Arguably, Harrower’s first three novels operated as a kind of extended case study in which she developed her characters and her style in preparation for the devastating, brilliant The Watch Tower. Reviewing that book, Michelle de Kretser wrote of ‘the frightened women with suspended lives, the beautiful house converted into a trap, the man and his malice drawing near’. Such a description maps loosely onto Harrower’s first four novels (to a lesser degree in The Long Prospect). Significantly, in this novel there is a marked shift. Each woman is responsible for suspending her own life, but each is eventually propelled forward into a world of productive possibility. Zoe’s and Stephen’s relationship can be read as a far more muted, less destructive version of that constructed between Clem and Christian in The Catherine Wheel (1960). Both Zoe and Clem are slow learners, but where we leave Clem realising how survival might have been possible, here Zoe sees beauty and knows definitively that ‘she could move on’.

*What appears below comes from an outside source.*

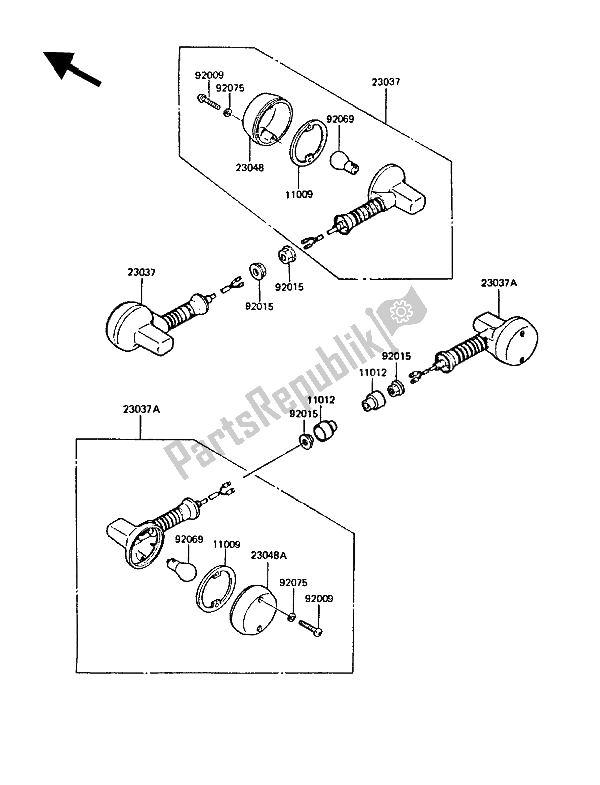 Toutes les pièces pour le Clignotants du Kawasaki KMX 125 1989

Harrower withdrew the manuscript of In Certain Circles from publication because she felt ‘people would be disappointed. Patrick would be disappointed.’ White may very well have been somewhat disappointed. The earlier sections are uneven with perhaps too much dialogue, wedding preparations, and focus on the somewhat vacuous Howard social circle. Later there is an overly contrived, unconvincing plot development involving Anna that, given Harrower’s intelligence and skill, affirms that she was writing under pressure. If readers today are disappointed, it might be because the almost flawless The Watch Tower has for so long stood as the final testament to Harrower’s brilliance. White was renowned for turning on artists that he felt did not fulfil their creative potential. Ironically, one of the recurring themes of In Certain Circles is the need, indeed the moral obligation, for each individual to ‘take initiative for their own life’ and to exercise their intelligence, talents, and the opportunities afforded them, in order to live a fully productive and engaged existence.
In Certain Circles is a fascinating and important addition to Harrower’s oeuvre. Its publication is a cause for much celebration and will hopefully, along with the new availability of Harrower’s earlier novels, act as a further stimulus for a broader and deeper understanding and appreciation of Elizabeth Harrower’s considerable talent. Later this year Text Classics will release The Catherine Wheel. It is time to read and reread this impressive body of work.